Is it possible to compute per-example gradients efficiently in TensorFlow, in just one graph run?

Question

TD;DR: is there a way to evaluate f'(x1), f'(x2), ..., f'(xn) in just one graph run, in a vectorized form? Where f'(x) is the derivative of f(x).

Something like:

x = tf.placeholder(tf.float32, shape=[100])
f = tf.square(x)
f_grad = tf.multiple_gradients(x) # f_grad contains f'(x[0]), f'(x[1]), ...

More specifically, I'm trying to implement Black Box Stochastic Variational Inference (BBSVI) manually (I know I could use a library like Edward, but I'm trying to implement it myself). At one point, I need to compute the mean of f'(x)g(x) across many different values of x (x1, x2, ..., xn), where f(x) and g(x) are two functions, and f'(x) is the derivative of f(x).

Using TensorFlow's autodiff feature, I can compute f'(x1), f'(x2), ..., f'(xn), by simply calling f_prime.eval(feed_dict={x: xi}) once for each value xi in (x1, x2, ..., xn).

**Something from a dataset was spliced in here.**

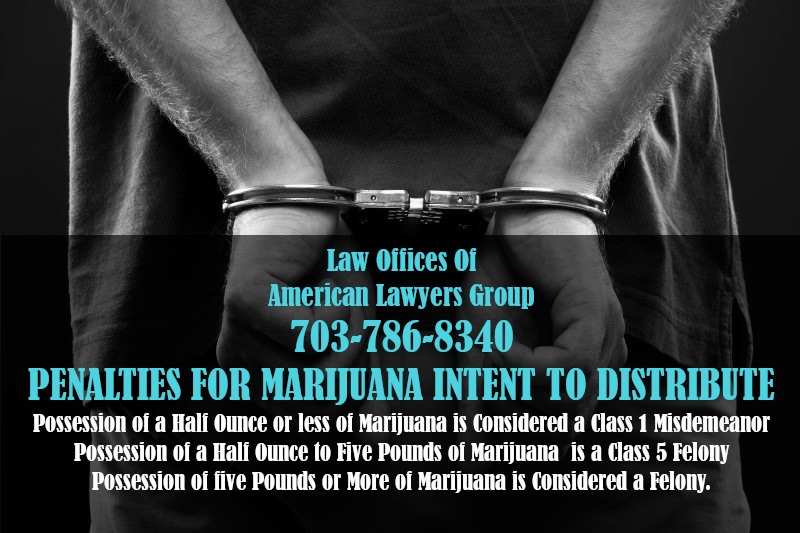 best drug possession defesne attorney fairfax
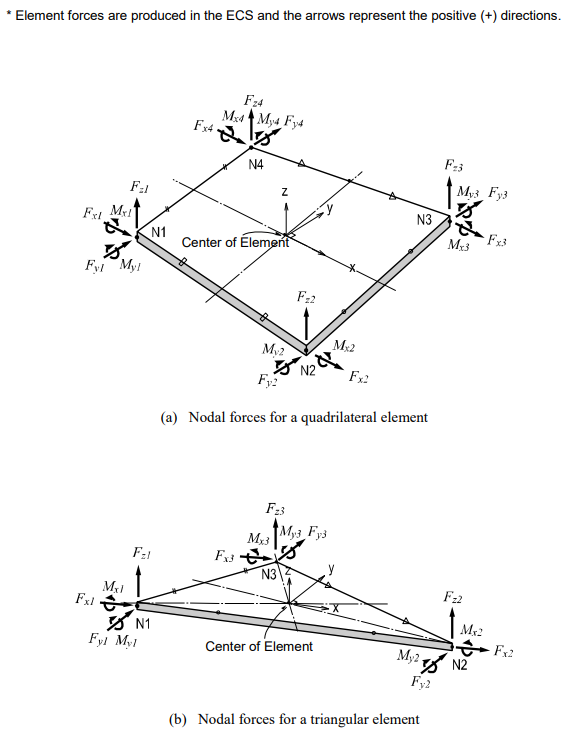 Nodal Forces at Each Node of Plate Elements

This is not efficient at all: I would like to use a vectorized form instead, but I'm not sure how to do this.

Perhaps using tf.stop_gradient() somehow? Or using the grad_ys argument in tf.gradients()?

Answer 1

After a bit of digging, it seems that it is not trivial to compute per-example gradients in TensorFlow, because this library performs standard back-propagation to compute the gradients (as do other deep learning libraries like PyTorch, Theano and so on), which never actually computes the per-example gradients, it directly obtains the sum of the per-example gradients. Check out this discussion for more details.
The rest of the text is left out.